Short descriptive text snippets
——

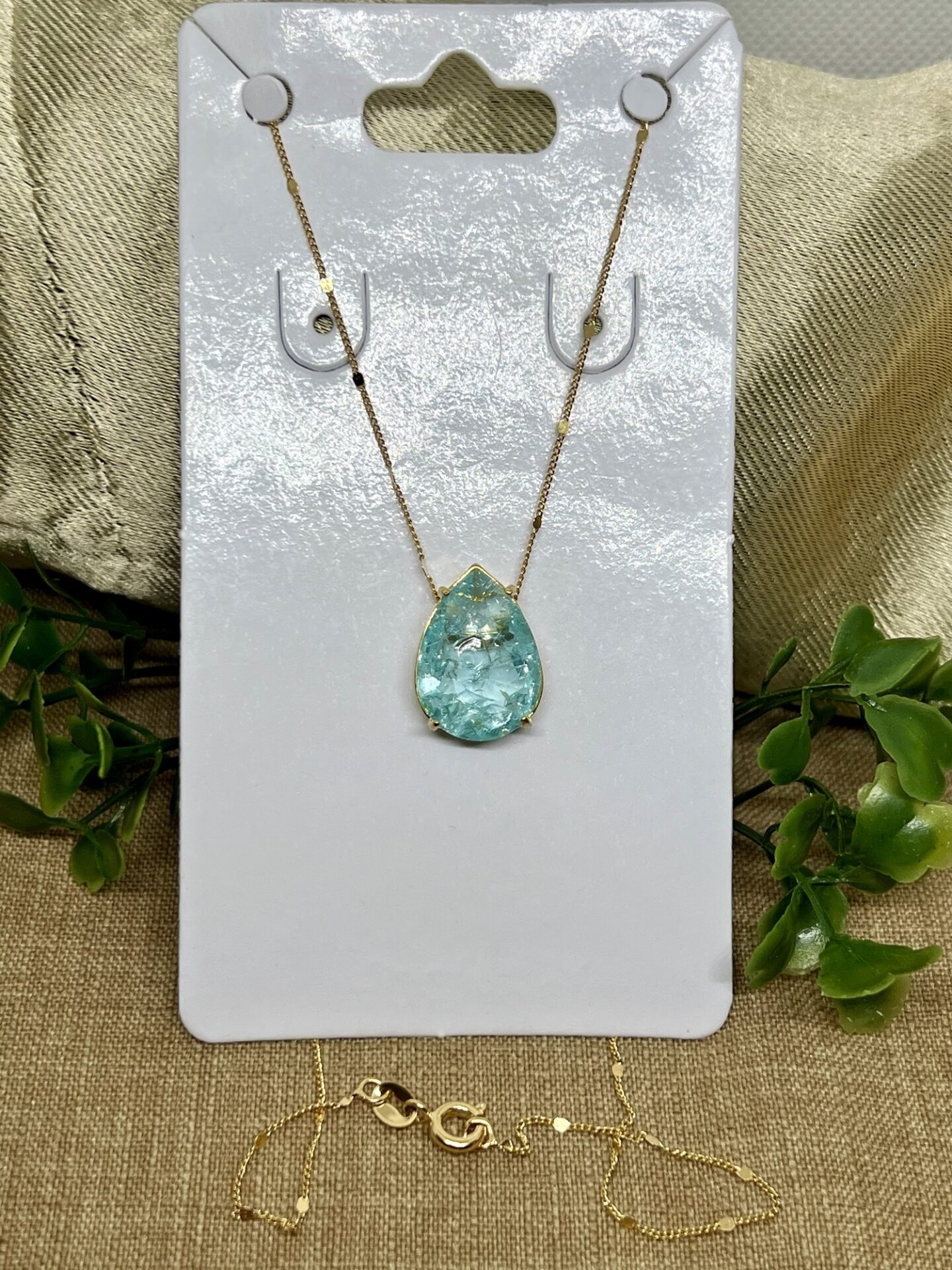 Colar Gota de Zircônia Azul Claro Banhado a Ouro 18k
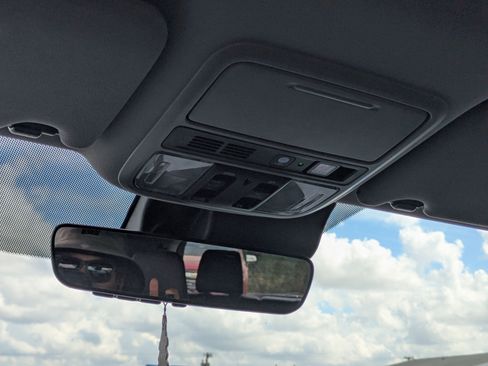 Used 2022 Honda Pilot Touring image 27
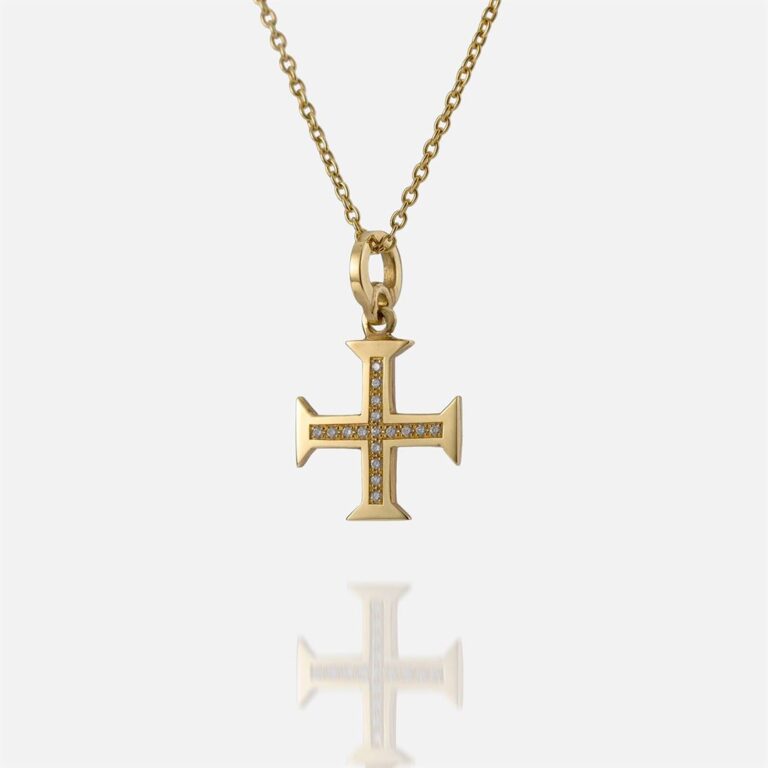 Fio com cruz em ouro amarelo e diamantes | Boa esperança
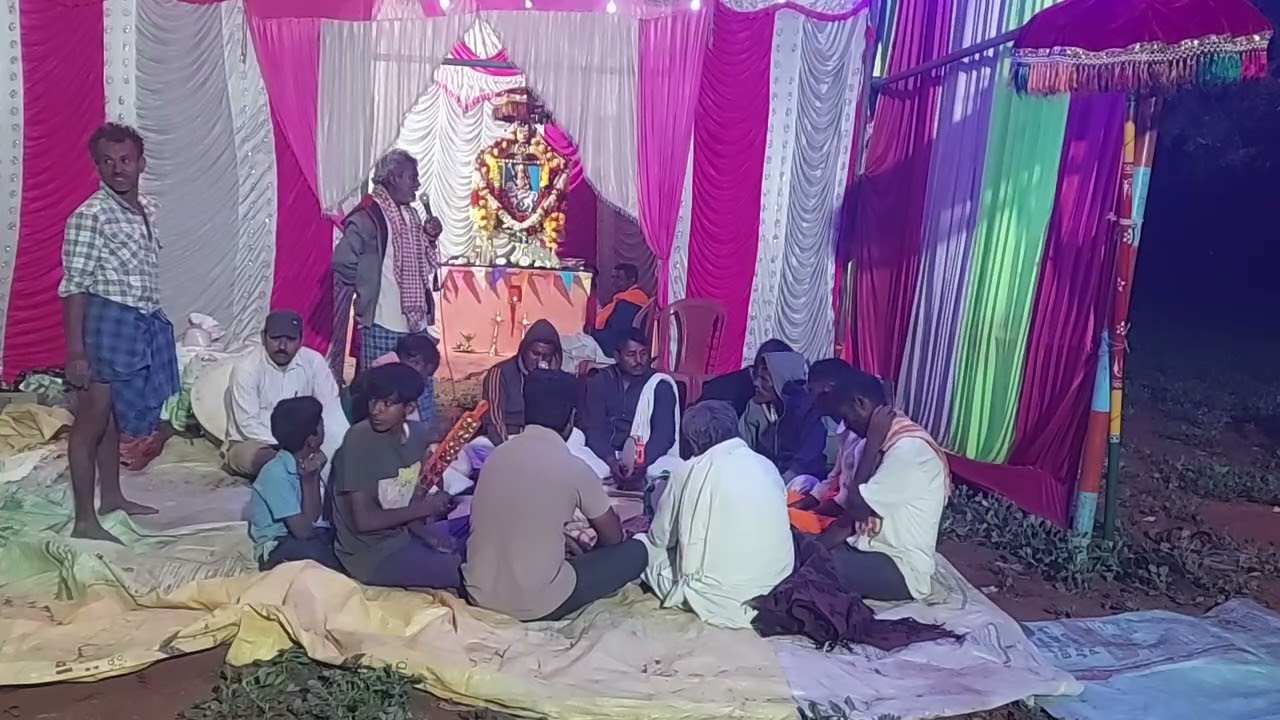 ನಾಕೋಳ ದೇವಿ ಜಾತ್ರೆಯಲ್ಲಿ ಜಾಗರಣೆ ನಿಮಿತ್ಯ ಭಜನೆ 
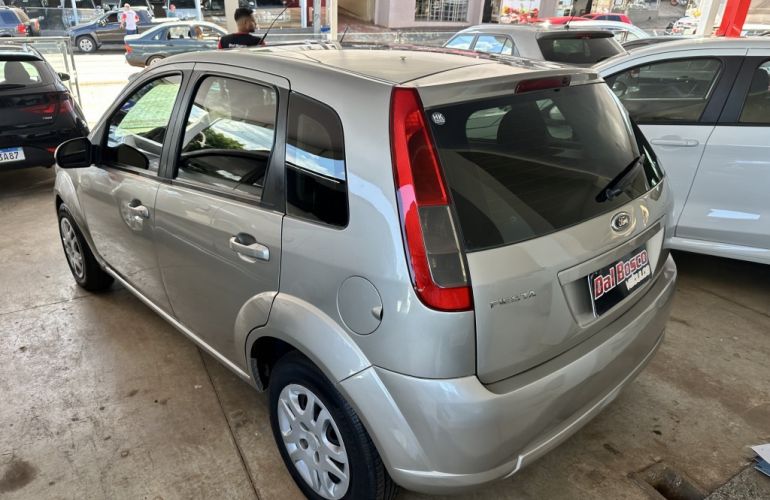 Ford Fiesta Hatch 1.6 (Flex) - Foto #5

——

**THE TASK**
Would you print, exactly as they appear, the lines from the line with "Fio com cruz" through the end of the entries above, leaving out the pictures?

**ANSWER SECTION**
 Fio com cruz em ouro amarelo e diamantes | Boa esperança
 ನಾಕೋಳ ದೇವಿ ಜಾತ್ರೆಯಲ್ಲಿ ಜಾಗರಣೆ ನಿಮಿತ್ಯ ಭಜನೆ 
 Ford Fiesta Hatch 1.6 (Flex) - Foto #5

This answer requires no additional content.